The rule, issued by OMB Director Russ Vought, applies to all federal discretionary grants — not only scientific research but also programs covering veterans housing, small business funding, and other categories. The proposal runs 411 pages, according to Delawalla.
“This rule would dismantle the US science ecosystem — but also all federal discretionary grants,” Delawalla said in a phone interview from her home in Decatur, Georgia. “It’s huge.”
Delawalla, 32, founded Stand Up for Science last year to push back against what she described as ideologically driven attacks on research by the Trump administration. Her work recently earned her recognition as one of five “young scientists who are making waves in their own ways” by Scientific American.
Elizabeth Ginexi, who resigned from the NIH last year after 22 years at the agency, told the Guardian that staff cuts by the Department of Government Efficiency (DOGE) had made it impossible for her to do her job. She called the OMB rule “a multi-front assault unprecedented in my lifetime” and said organizations like Stand Up for Science are “filling a gap” left by scientists who typically avoid political engagement.
Ginexi, writing on her Substack, quoted the rule as barring funding for any project that “promote(s) anti-American values” and requiring that discretionary awards “demonstrably advance the president’s policy priorities.”

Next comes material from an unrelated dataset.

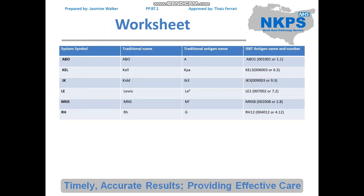The next was LE, which is Lewis: the antigen is LEB, the second antigen in that system, so it's LE2. Then MNS — this was a hard one — the eighth antigen in that group, so it's MNS8. And finally RH: the antigen is G, and that's RH12. Hopefully that makes sense. I think it's the genetics bit that's harder, so let's move on to that.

According to Stand Up for Science, about 10,000 NIH-funded clinical trials were analyzed this week. The group conservatively estimated that nearly half could be discontinued for reasons ranging from use of prohibited words such as “equity” to the inclusion of international collaborations. The discontinued trials could include more than 1,000 cancer-related studies, hundreds of pediatric trials, and hundreds each focused on veterans, suicide, heart disease, and diabetes.
Delawalla said her meetings on Capitol Hill revealed a wide knowledge gap among lawmakers. Only one senator — Maryland Democrat Chris Van Hollen — was familiar with the full detail of the 411-page rule, she said. One veteran House Democrat who she declined to name told her “you’re just protesters” and argued that “the executive branch should have the right to cancel grants.”
Stand Up for Science has urged members of the public to submit comments through the federal government’s regulations page by the July 13 deadline. As of Thursday morning, nearly 31,000 comments had been left at the OMB’s page on the rule, according to the Guardian.
The organization is also pursuing a legal strategy. Delawalla held a virtual meeting last Friday with about 50 attorneys from across the country to discuss possible litigation if the rule is finalized.
“Non-scientists are easier to mobilize,” Delawalla said. “They’ve never been told they need to remain apolitical.” She said the fight is fundamentally about democracy.
“If you tell people in a country they’re not allowed to study certain things with federal money, you’re not in a free country,” she said.